The color scheme for the buildings of the lower quarter came to me from Tenby, Wales (Dinbych-y-Pysgod for all my lovely Welsh speakers out there). I proudly lived in Wales for a term at university and visited all over the country and nearby England. Tenby was one of my favorite places to visit--I think I stayed there three times at least--so the majority of my inspiration for Mariner comes from Tenby.
|Old Stables off of Julian Street, Tenby.|
(cc) by Ray Jones
The Lower Quarter color scheme is nothing but dark stone (closer to the slate houses in Blaenau Ffestiniog) and green doors and window shutters. All of the buildings of the Lower Quarter are connected like row houses and are identical to each other.
|Tudor Merchant House, Tenby|
Image (cc) Robert Edwards
My book doesn't outwardly state the time period, but it is modelled after the Regency period in England, so any historical clues I drop point to that era. Even though the Tudor Merchant House would be far too ancient dwelling for Lily and her family, in my mind only the exterior of the building resembled the Tudor Merchant House. The inside would be much newer and larger, closer to something from the first decade of the 19th century.
The photo of the Tudor Merchant House is more like the back end of Lily's home. The rear entrance would lead straight into the kitchen, and a set of stairs just outside of it would lead to the second floor, where Lily's father Kale and her grandmother Viollca would have rooms. Lily and her sister Laney would live on the third floor in their own rooms, and each floor would have their own bath.
|Rose & Co. Apothecary|
Image (cc) Betty Longbottom
The storefront for the Rose & Co . Apothecary is one place in this post I actually haven't been to, but it's the best example of what the Bellamy Mercantile storefront would look like. The Rose & Co. Apothecary is located in Bradford, England. Sadly, I never made it anywhere near these places when I went abroad, but thanks to the goodness of Wikimedia Commons, I was able to locate a photo that best resembles the Bellamy Mercantile I see in my head.
Tenby also serves as a major influence for Highgate, the upper half of Mariner where the rich live.

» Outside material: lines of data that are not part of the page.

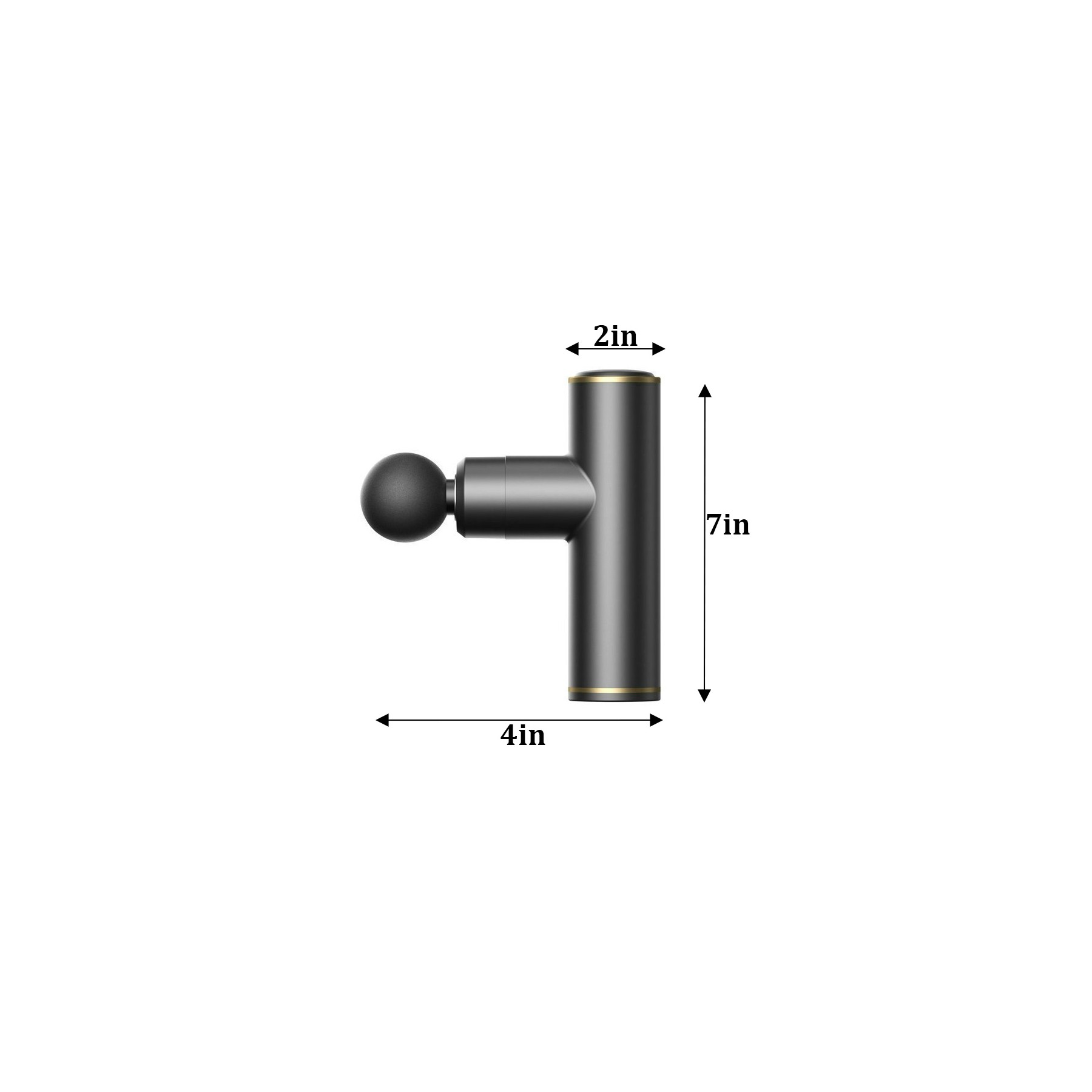 Mini Massage Gun 4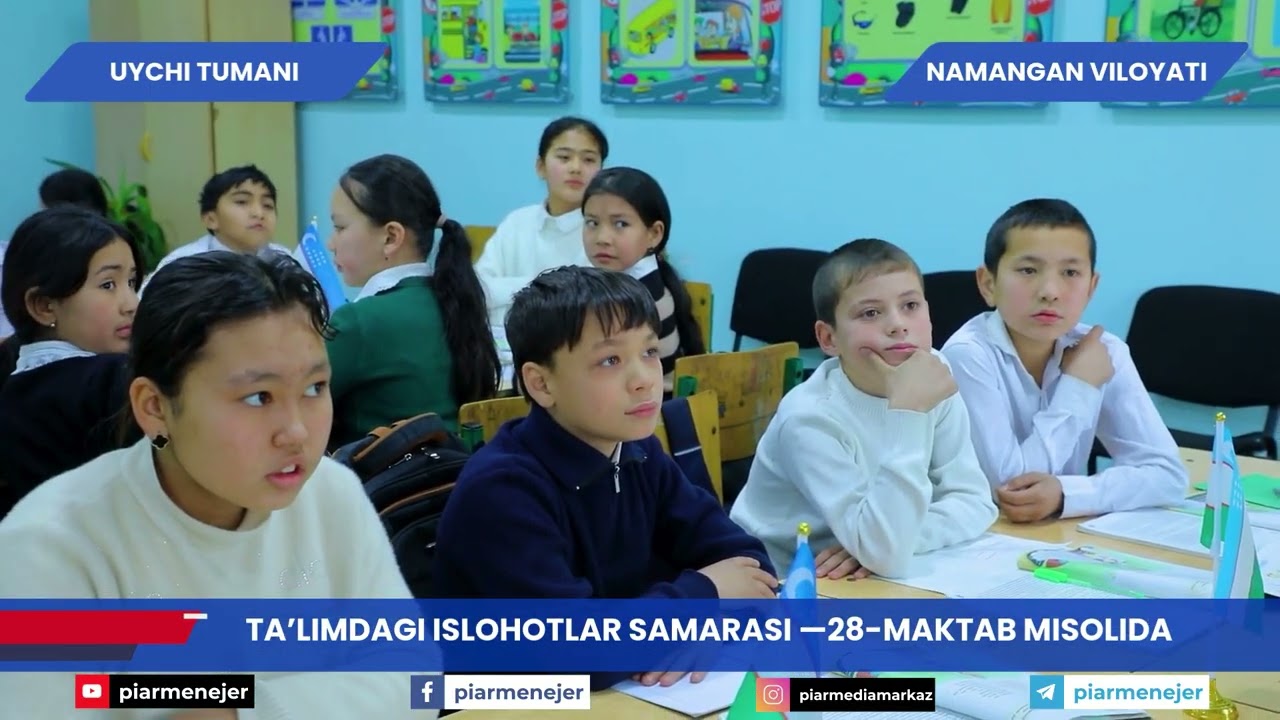 #maktab_hayoti Uychi tumani 28-maktabi. 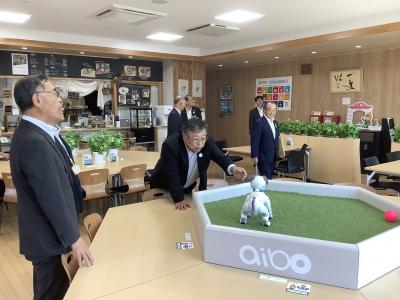 町長写真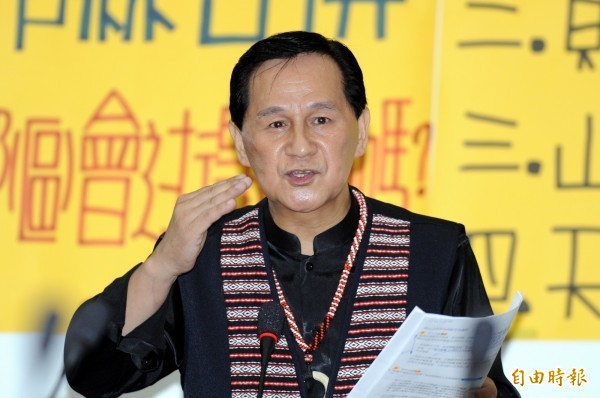 館長切心！曾力挺韓國瑜「唯一改革清新」　撂下狠話「全面反韓」講到氣噗噗
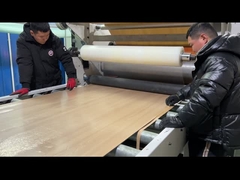 Fabbrica di cereali di legno Custom Bambù carbone di legno Pannello di rivestimento di legno 5/8mm Pannello di parete in fibra di bambù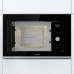 Микроволновая печь Gorenje встраиваемая, 20л, электронное управление, 800Вт, гриль, дисплей, черный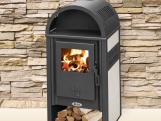Blist Krbová kamna Blist VIENNA Beige - 8 kW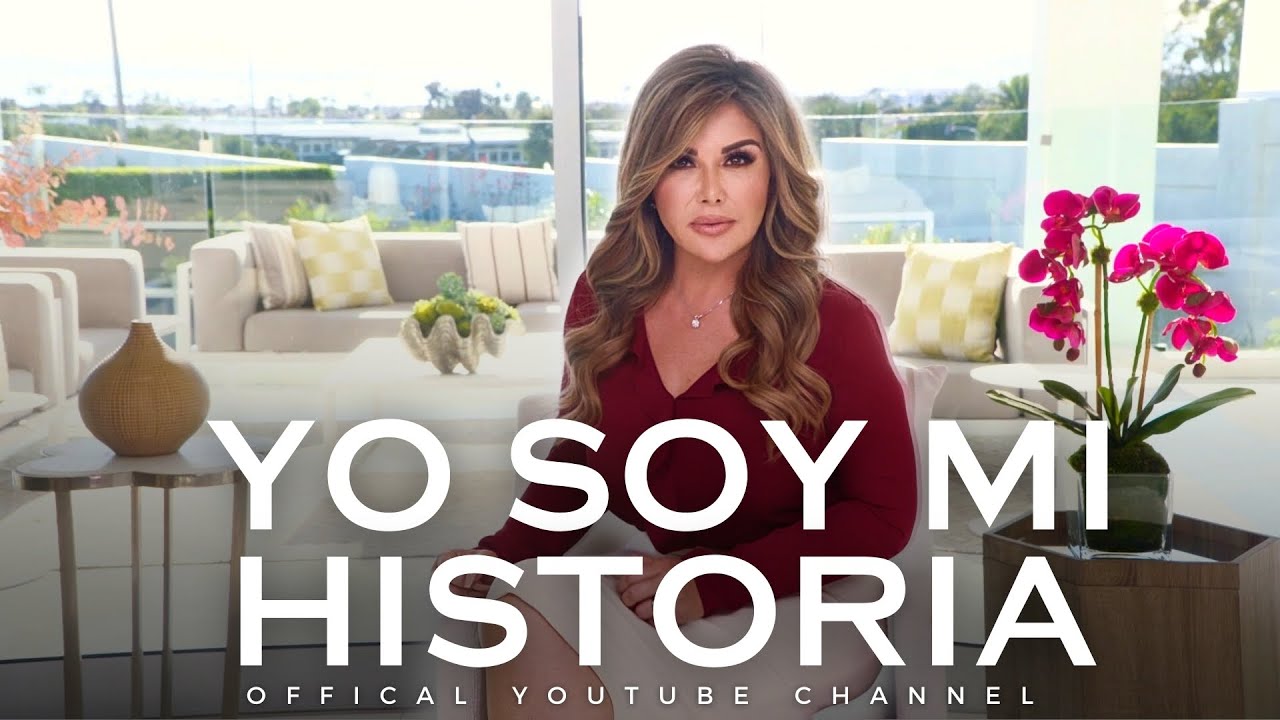 Yo soy mi historia | Adriana Gallardo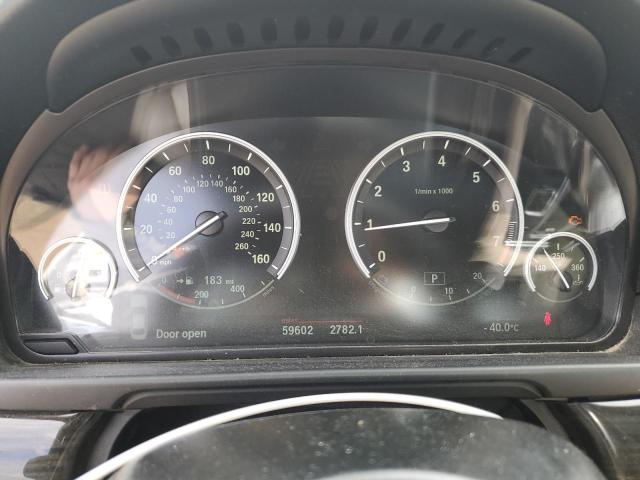 2016 BMW 535 I WBA5B1C52GG552806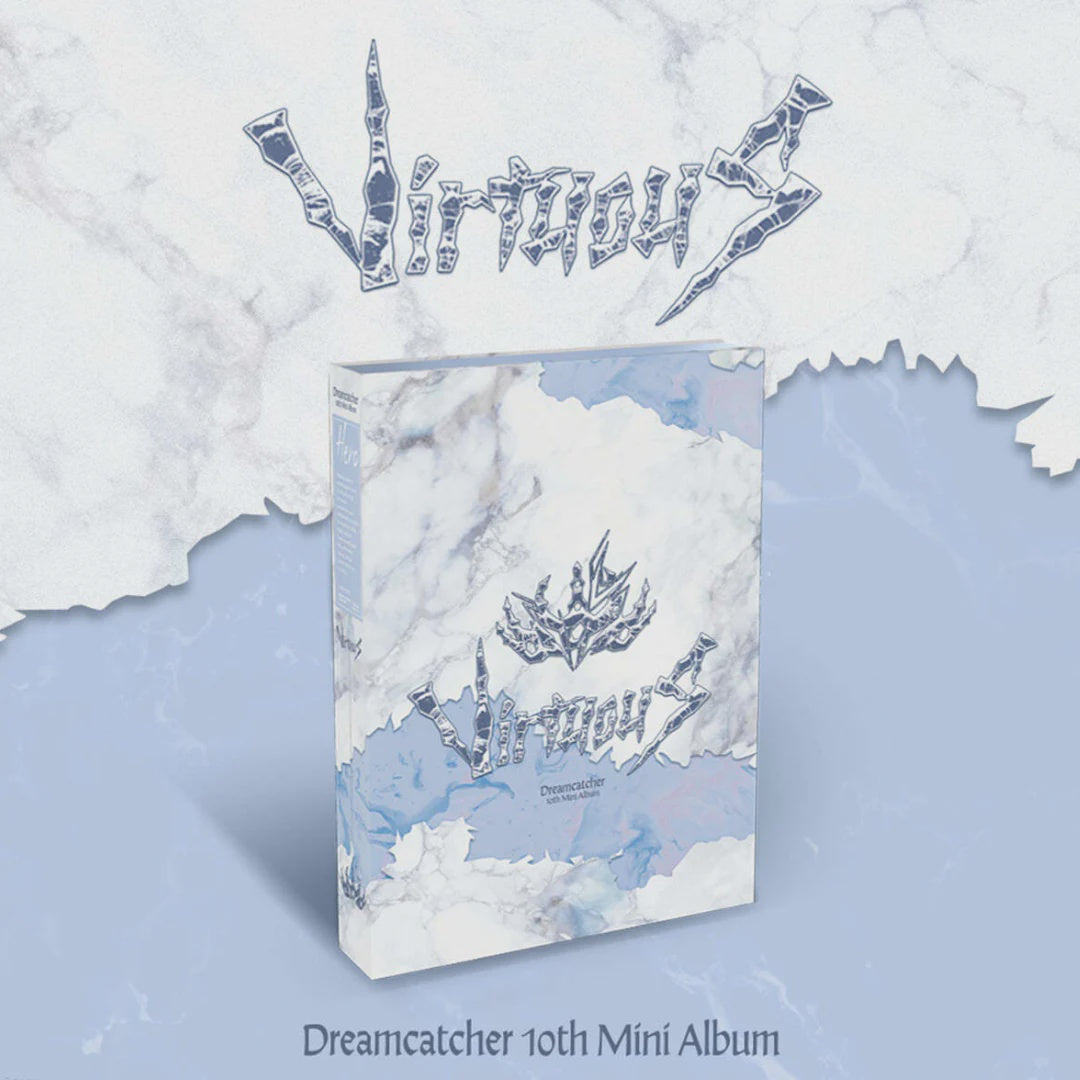 [Pre-Order] DREAMCATCHER - 10th Mini Album 'Virtuous' (B. Ver; Limited Edition)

References in the book to an ancient wall that surrounds the city, the barbican, and the esplanade, all come from Tenby.
|Images from Wikimedia Commons|
|The Holburne Museum, Bath|
Image (cc) by 126 Club
I stayed mostly in the historic parts of Bath, near the cathedral and the old Roman baths and the Assembly Rooms, so I didn't make it to a place like the Holburne Museum. Nonetheless, this photo is a perfect example of the Georgian architecture that comprises the fictional area of Highgate. Plus, this was the pinkest-looking building I could find (although I think when you enlarge it the color looks a bit more golden) out of all the photos of Bath I looked at.